A Blog Around The Clock

Since this article came out in The American Scientist (the only pop-sci magazine that IMHO has not gone downhill in quality over the past decade) in early 1999 (you can read the entire thing here (pdf)) I have read it many times, I used it in teaching, I discussed it in Journal Clubs, and it is a never-ending fascination for me. Now Andrew and Greg point out there is YouTube video about the fox domestication project:

Back in the 1950s, Dmitri Konstantinovich Belyaev started an experiment in which he selectively bred Silver Foxes, very carefully, ONLY for their tameness (and “tameness” was defined very rigorously in terms of type and speed of response, distance that triggers aggression, etc.).

What happened really fast in this experiment is that many other traits showed up, seemingly out of nowhere, in the subsequent generations. They started having splotched and piebald coloration of their coats, floppy ears, white tips of their tails and paws. Their body proportions changed. They started barking. They improved on their performance in cognitive experiments. They started breeding earlier in spring, and many of them started breeding twice a year.

Most of the people reacting to this experiment invoked pleiotropy, i.e., how changes in one gene affect expression of many other genes. See this NYT article for instance. However, even while I was reading it for the first time, my mind screamed – development! And not just development, but more specifically, heterochrony – change in timing of developmental event.

If you alter the expression of one of the genes that affects developmental timing, you affect all sorts of things.

For instance, when the neural crest cells migrate they become melanocytes in the skin – if due to changes in timing they are late to arrive to some distal parts, e.g., paws and tail-tips, those part will be white. Neural crest cells also migrate to become the adrenal medulla – that little part of the body that releases (nor)epinephrine (adrenaline). If fewer of those cells arrive there on time, less the animal will show stress-response later in life.

There appears to be tight correlation between timers that act on different scales, e.g., developmental and circadian timing, circadian and fast behavioral timing, circadian and seasonal timing, etc.

I always wished I could get a lab, some foxes, an IACUC approval and some money to run these animals through a battery of standard experiments comparing dogs, wild foxes and domesticated foxes on all sorts of parameters of circadian rhythms, photoperiodism (they did change their seasonality patterns of breeding, after all), etc.

The bottom line is that a subtle change in timing of expression of a single developmental gene, something one can select for by choosing one of the traits (in this case a behavioral trait), will affect the change in timing of expression in many other genes. The difference between wild and domesticated foxes may not be in any DNA sequence at all – it could presumably be all epigenetic (see also). Sequence differences would arise later, as the two populations are not inter-mixing any more (for 60 years now).

When you put together development, genetics and evolution, you can see that big changes (or, really, any changes at the very beginning of the evolutionary change) in DNA sequence are not necessary for big changes in entire suites of phenotypic traits.
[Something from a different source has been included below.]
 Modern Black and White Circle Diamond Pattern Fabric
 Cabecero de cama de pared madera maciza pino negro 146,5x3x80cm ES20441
But in the 1950s, the bean-bag deterministic genetics was the norm, so the Belyaev experiment was a big jolt to the scientific community in the West (not so much for the Russian evolutionary biologists, though), so we need to look at this experiment through a decent grasp of history.

Now, I’d like to know what is the state of the experiment today. Ten years ago, the project appeared doomed – they had to sell foxes for fur in order to keep going at a small scale. Has this been fixed? Has anyone from the West help finance the continuation of the project? Has anyone in the West acquired some of the foxes and continued with the project? What are the recent developments?

Comments

  1. #1 Monado
    August 6, 2008

    I seem to remember a comment that if a canine species or subspecies, like the dingo, has white tips to its tails, then it’s been domesticated at some time. But I didn’t understand why. Now I sort of understand.
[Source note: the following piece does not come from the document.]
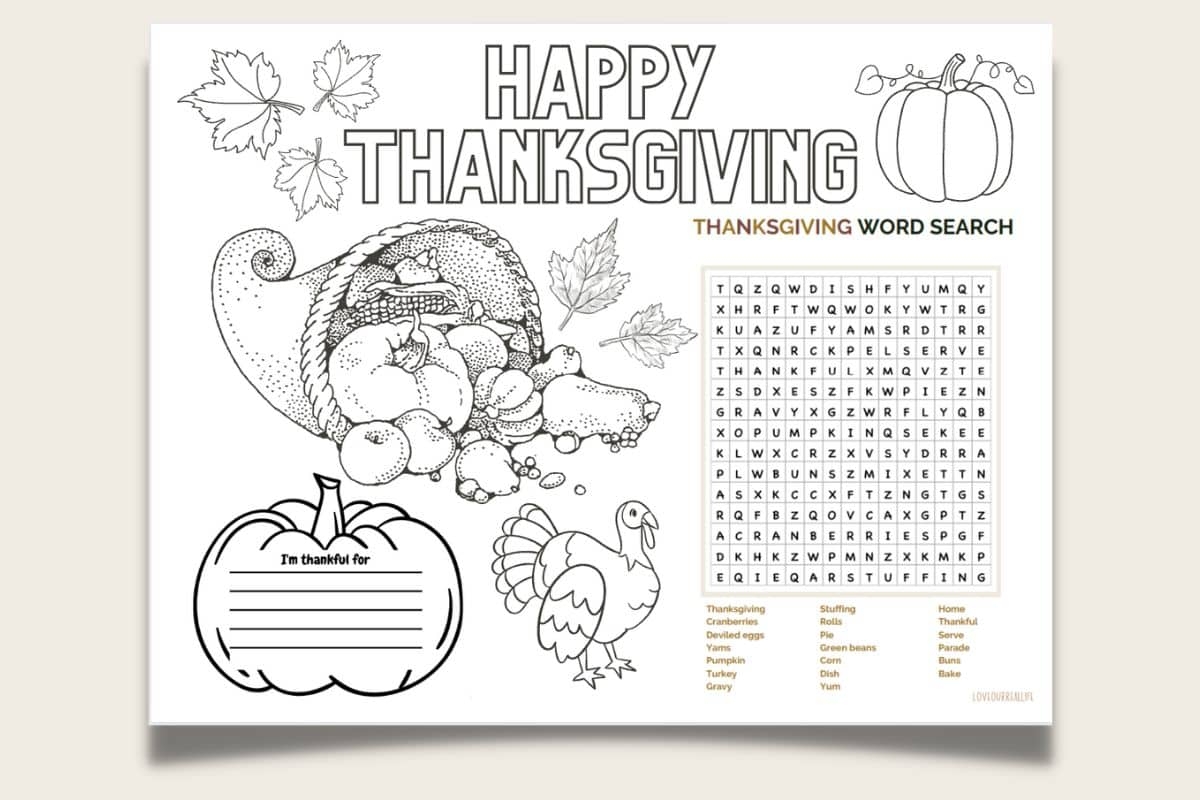 FREE Thanksgiving Printable Placemats Coloring Page For Kids Love Our Real Life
    As far as I know the project is still neglected and still struggling along with a fraction of the old number.

  2. #2 David Lee
    August 7, 2008

    That’s a fascinating story. I’d never heard about it until now.
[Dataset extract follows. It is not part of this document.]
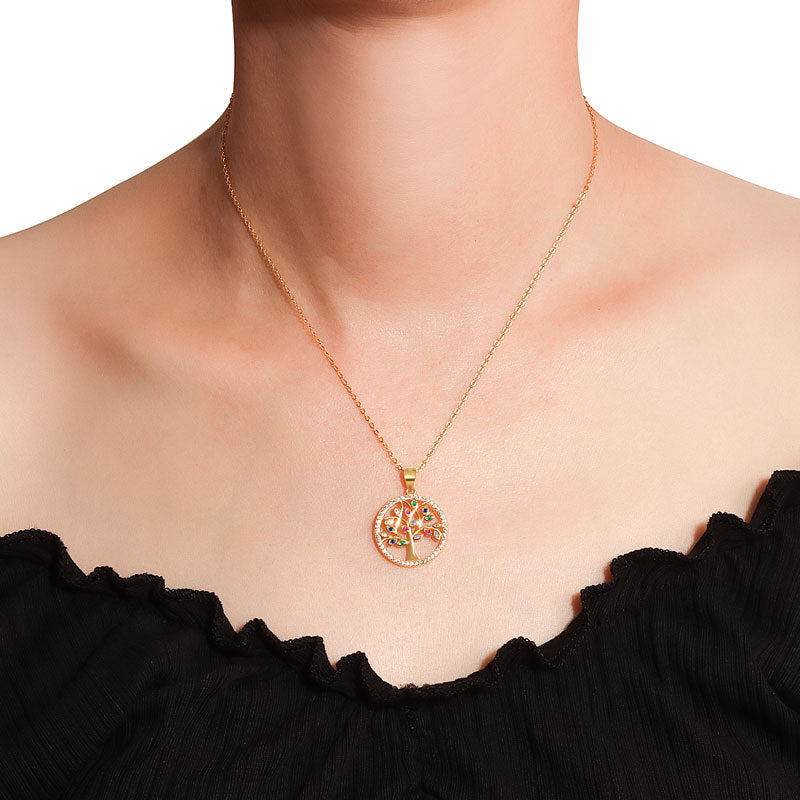 Gold Diamant Lebensbaum Schutz-Anhänger Halskette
    If these foxes were bred for just tameness for another hundred years wouldn’t their development stop? You can only get so tame and so these physical changes would also stop.

  3. #3 Coturnix
    August 7, 2008

    Once you get to the maximum in changes in timing, you can still keep selecting, but that would then involve sequence changes and will be a much slower process. Also, the traits may become dissociated from each other.

  4. #4 David Lee
    August 7, 2008

    If these foxes are that tame, there’s probably a market for pet foxes in America. That way you get fur without the guilt. That would keep the project going.

  5. #5 photopher
    August 7, 2008

    I wonder if zoos’ breeding programs are inadvertently selecting for similar traits – if not “tamable”, at least “thrives in captivity”. Zoos haven’t functioned as species arks for many decades – is that long enough to see this type of change?

    “The American Scientist (the only pop-sci magazine that IMHO has not gone downhill in quality over the past decade)”

    I agree. I first noticed the decline with Discover in the early 90s. I see a lot of pop sci mags on German newsracks. Wish they were available in English.